Anglo American pulls out of Alaska mines project – by Suzanne Goldenberg (The Guardian – September 16, 2013)

http://www.theguardian.com/uk

Company withdraws from plans to develop vast open-pit gold and copper mines in an area of pristine streams and wetlands

Anglo American withdrew on Monday from plans to develop vast open-pit gold and copper mines in one of the last big wild salmon runs in Alaska’s Bristol Bay.

The company said in a statement that it was pulling out of the Pebble mine project, spread across rolling tundra about 200 miles south-west of Anchorage, despite the huge mineral potential. The area is believed to hold the world’s richest gold deposits, but Anglo American’s exit could now put the entire project in jeopardy.

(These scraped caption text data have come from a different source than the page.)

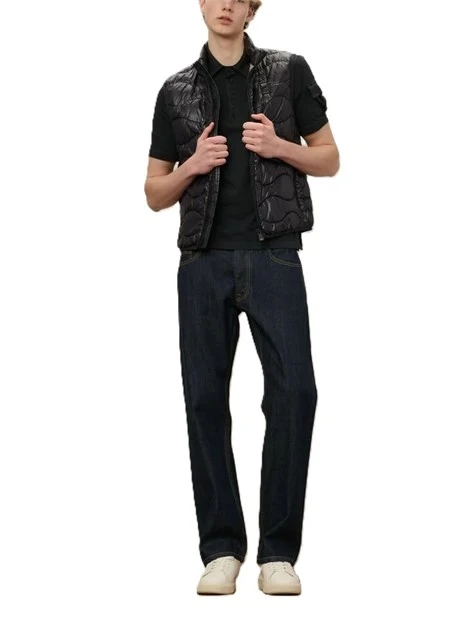 PIUMINO SMANICATO CON IMBOTTITURA AD ONDE CON FODERA A CONTRASTO UOMO NERO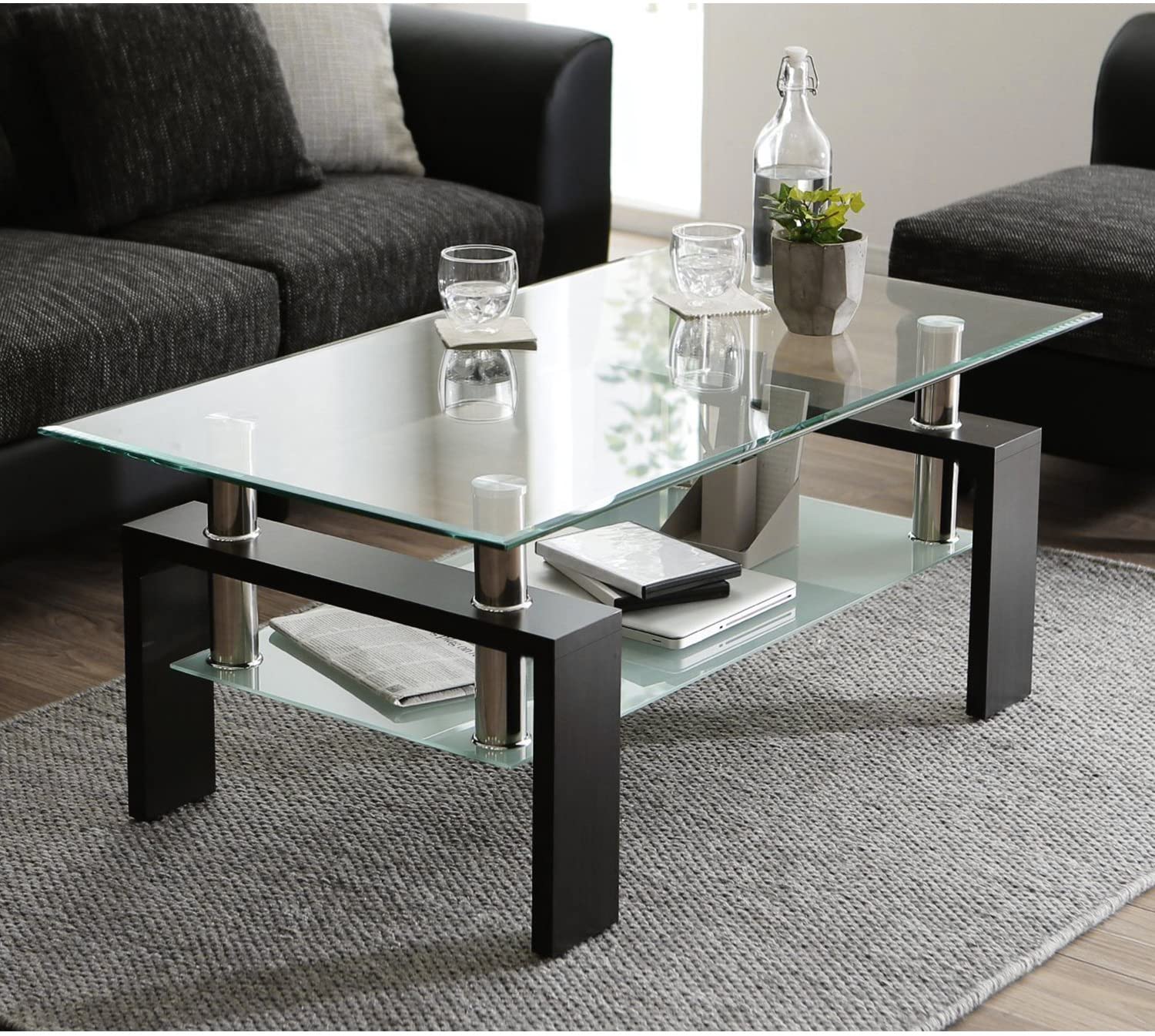 Depointer Life Glass & Metal Rectangle Coffee Table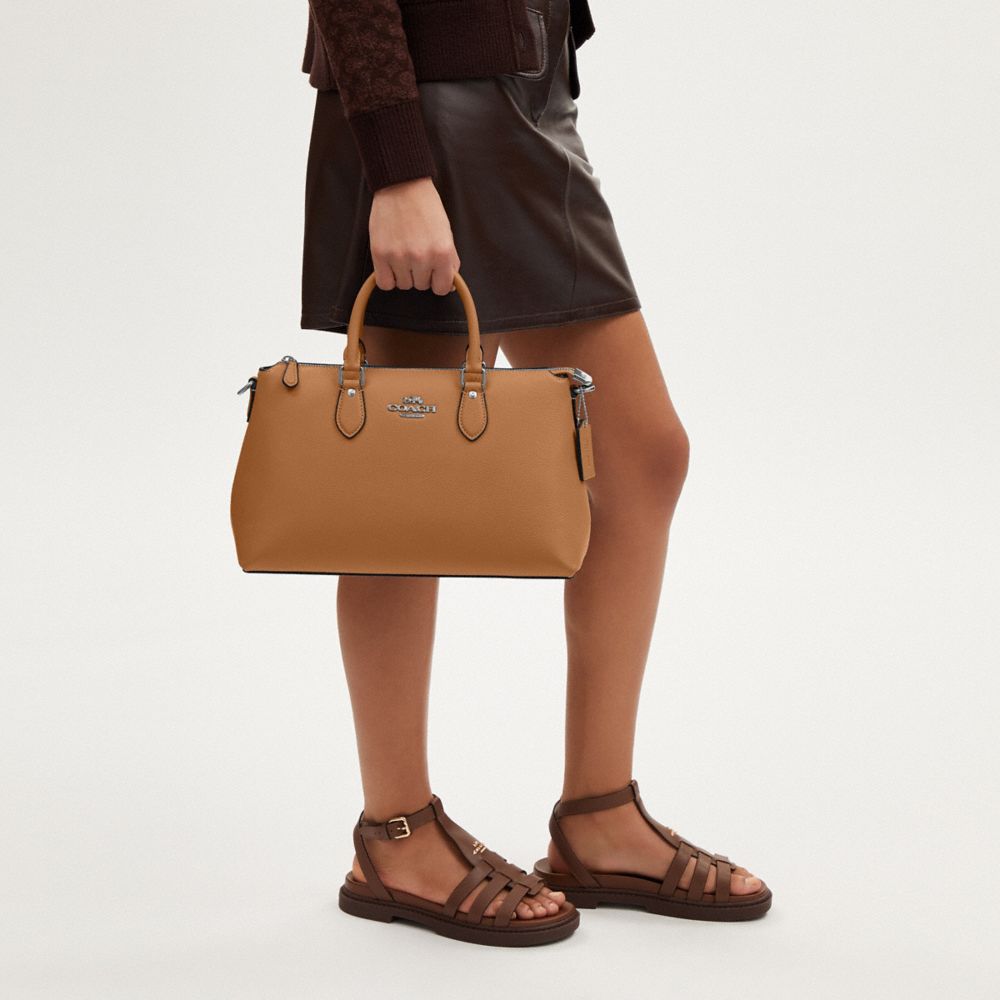 COACH®,Georgia Satchel Bag,Leather,Satchel,Logo,Work,Brown,Detail View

“Despite our belief that Pebble is a deposit of rare magnitude and quality, we have taken the decision to withdraw, following a thorough assessment of Anglo American’s extensive pipeline of long-dated project options,” the company’s chief executive, Mark Cutifani, said in a statement.

“Our focus has been to prioritise capital to projects with the highest value and lowest risks within our portfolio and reduce the capital required to sustain such projects during the pre-approval phases of development,” he went on.

Anglo American’s withdrawal and the uncertainty over the project brings a temporary pause to what had been expected to be a long and bitter fight between mining companies and their opponents.

The Pebble mine was seen as one of the most important environmental decisions on Barack Obama’s second term agenda – even though it was overshadowed at times by the controversy over the Keystone XL pipeline.

The mining companies and their opponents were gearing up for a big and expensive lobbying and advertising campaign over the project. The two companies in the Pebble venture spent $500,000 last year to lobby members of Congress for its approval.

Monday’s announcement from Anglo American may have been the result of growing uncertainty over whether the Environmental Protection Agency (EPA) would approve the project, in light of its threat to miles of pristine streams and wetlands, habitat for half of the world’s sockeye salmon.

Every summer, 30 to 40 million sockeye salmon return to the bay to spawn.

Environmental campaigners and local native Alaskan communities had fiercely opposed the project, arguing that it posed a threat to the commercial fishing industry as well as their traditional way of life.

But even more tellingly for Anglo American were the signs that the EPA was disinclined to give the project a swift go-ahead.